Spamming and Phishing at eBAY

If you happen to sell at ebay.ph, you know what I will talk about. If not, read on still, it might help you save millions of peso doing so. That is, if you have a million or so.

A new study confirms that users of the popular eBay auction site (together its Paypal) remains the most popular targets of phishing scams. Accounting over 75% phishing e-mails sent. That’s over three quarters of global phishing, all targeted to the users of eBay and its PayPal subsidiary.

Actually, study was not even warranted, as I know this fact. Experiencing this first hand. My inbox is loaded up with African (Nigerian) scammers every morning.

Phishing schemes are fraudulent e-mails that attempt to gather personal information including credit card numbers, account numbers and passwords in the name of ripping off users. Phishers use e-mails that offer links to sites that in turn seek to deliver worm or Trojan viruses in the name of breaking into computers and walah, personal information all gathered up.

I remember, during my early years of online activity, I almost fell for these stuff. But mind you, even savvy users can still fall to these traps. What with realistic emails, links and fraudulent websites that look like real ones.
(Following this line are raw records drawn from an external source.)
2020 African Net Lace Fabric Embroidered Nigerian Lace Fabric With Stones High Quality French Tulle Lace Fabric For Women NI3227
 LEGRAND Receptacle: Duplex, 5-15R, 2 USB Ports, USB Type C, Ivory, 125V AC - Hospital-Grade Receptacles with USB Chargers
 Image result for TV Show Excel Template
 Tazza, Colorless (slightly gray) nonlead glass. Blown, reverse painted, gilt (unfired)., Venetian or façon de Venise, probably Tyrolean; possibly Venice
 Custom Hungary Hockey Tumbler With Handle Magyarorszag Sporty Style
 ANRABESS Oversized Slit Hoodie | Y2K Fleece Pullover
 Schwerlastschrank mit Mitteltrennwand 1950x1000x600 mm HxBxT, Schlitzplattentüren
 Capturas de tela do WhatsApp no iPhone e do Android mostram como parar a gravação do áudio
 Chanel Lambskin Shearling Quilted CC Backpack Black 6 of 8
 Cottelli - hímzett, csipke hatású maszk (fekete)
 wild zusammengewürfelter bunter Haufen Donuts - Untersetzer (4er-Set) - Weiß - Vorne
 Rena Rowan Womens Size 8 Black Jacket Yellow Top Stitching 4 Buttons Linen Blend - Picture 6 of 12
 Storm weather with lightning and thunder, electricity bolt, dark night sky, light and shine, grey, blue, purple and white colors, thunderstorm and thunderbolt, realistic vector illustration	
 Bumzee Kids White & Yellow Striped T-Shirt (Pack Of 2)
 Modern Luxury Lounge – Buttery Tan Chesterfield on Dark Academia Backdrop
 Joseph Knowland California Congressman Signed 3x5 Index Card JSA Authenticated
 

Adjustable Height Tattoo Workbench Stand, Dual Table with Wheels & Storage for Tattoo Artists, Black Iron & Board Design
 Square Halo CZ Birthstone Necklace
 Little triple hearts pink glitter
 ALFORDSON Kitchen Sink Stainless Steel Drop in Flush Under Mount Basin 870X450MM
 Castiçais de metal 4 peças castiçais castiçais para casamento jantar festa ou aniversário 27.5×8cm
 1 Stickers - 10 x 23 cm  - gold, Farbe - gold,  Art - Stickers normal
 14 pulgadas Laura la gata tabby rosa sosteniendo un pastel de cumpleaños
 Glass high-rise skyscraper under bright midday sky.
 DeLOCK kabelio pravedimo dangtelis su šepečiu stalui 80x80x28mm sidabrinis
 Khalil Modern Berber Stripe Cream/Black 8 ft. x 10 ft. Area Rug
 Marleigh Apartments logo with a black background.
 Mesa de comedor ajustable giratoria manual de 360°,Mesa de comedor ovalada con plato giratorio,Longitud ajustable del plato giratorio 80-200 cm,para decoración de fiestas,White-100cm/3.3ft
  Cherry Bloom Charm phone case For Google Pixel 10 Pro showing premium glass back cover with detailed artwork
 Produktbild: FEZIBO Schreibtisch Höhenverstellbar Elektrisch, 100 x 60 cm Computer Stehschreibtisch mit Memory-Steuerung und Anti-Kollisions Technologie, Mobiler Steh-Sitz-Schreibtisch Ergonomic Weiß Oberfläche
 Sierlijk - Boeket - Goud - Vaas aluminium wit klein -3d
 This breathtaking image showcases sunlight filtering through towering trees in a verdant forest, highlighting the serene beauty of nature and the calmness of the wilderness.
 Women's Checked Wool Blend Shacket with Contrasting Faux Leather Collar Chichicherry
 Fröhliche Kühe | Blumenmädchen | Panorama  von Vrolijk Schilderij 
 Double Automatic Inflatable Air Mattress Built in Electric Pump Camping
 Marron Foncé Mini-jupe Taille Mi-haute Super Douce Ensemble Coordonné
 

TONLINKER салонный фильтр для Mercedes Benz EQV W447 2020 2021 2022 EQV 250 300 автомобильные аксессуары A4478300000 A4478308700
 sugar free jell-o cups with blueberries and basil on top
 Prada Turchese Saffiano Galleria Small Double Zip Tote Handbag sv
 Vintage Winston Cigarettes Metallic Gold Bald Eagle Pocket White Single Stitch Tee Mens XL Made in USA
No one is safe as attacks are becoming more sophisticated involving cross-site scripting and other advanced and malicious techniques.

eBay has built-in mechanisms to handle these emails and phishers, but they could only do certain things. In the end, the frustrating task of sorting out what's real and not, the task of deleting emails will still be done by the user.

To further aggravate things, I am now receiving an avalanche of spamming from Chinese Suppliers. Offering all sort of stuff, from bags to apparel, from underwear to specialized condoms, electronics and computers.

Who says, selling (and earning) in eBay is easy?